Hungary looks to levy big tax on internet use
Hungary is planning to start taxing internet use by the amount of data individuals downloaded as part of an effort to increase government revenues – and the controversial idea has already sparked outrage online and calls for protest.

If the proposal passes as part of the 2015 tax bill, Hungarians would be charged 150 forints for each gigabyte of data they start to download. That’s roughly 62 cents per gigabyte, meaning that residents could expect to pay a substantial amount of extra money every month.
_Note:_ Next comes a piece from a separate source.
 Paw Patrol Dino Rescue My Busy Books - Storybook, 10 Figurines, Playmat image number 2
Downloading between 50 to 100 gigabytes of data would cost $30 - $60 in taxes on top of whatever people are already paying for monthly service – since the service providers are expected to try and pass the burden on to users.
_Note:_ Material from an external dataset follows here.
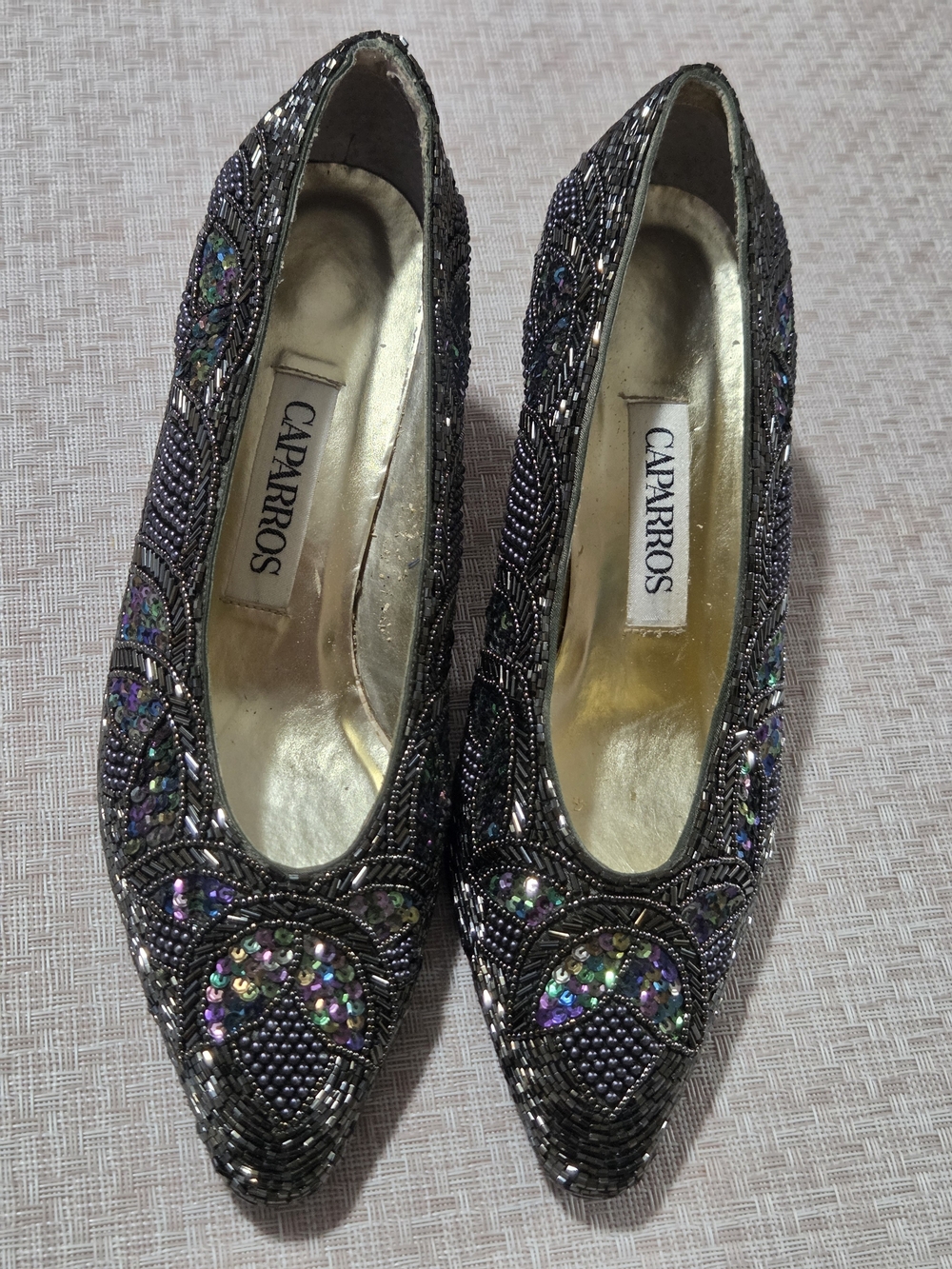 Vintage Caparros Black Beaded Sequin Heels Pumps EUC Box Size 8.5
What’s more, there is apparently no cap limiting the amount that customers would have to pay out. How this tax will affect businesses that rely on the internet is also unclear.

Writing for the Wall Street Journal, Margit Feher called the proposal “the latest in a series of extraordinary taxes” that have been implemented since the Fidesz party came into power in 2010.

The measure is billed as an expansion of taxes already levied on telecommunications companies, and is expected to rake in some 20 billion forints (roughly $83 million) a year, according to a statement by Peter Beno Banai of the economy ministry.

News of the proposal has already triggered a massive response online with users debating the issue. Some claimed the law isn’t as bad as it sounds because internet service providers are urged to foot the bill and because the extra money will be used to upgrade infrastructure. Others, however, argue the cost will be passed onto users, especially those consuming too much data.

Facebook pages are already sprouting up as internet users announce plans to protest the tax. One event listing for October 26 has some 7,600 people going, with another thousand or so saying they might attend. Users have been sharing pictures of mass protests in Hong Kong, seemingly anticipating a serious showing and emphasizing that if Hungarians do not unite and resist the move, other governments around the globe may try to do the same.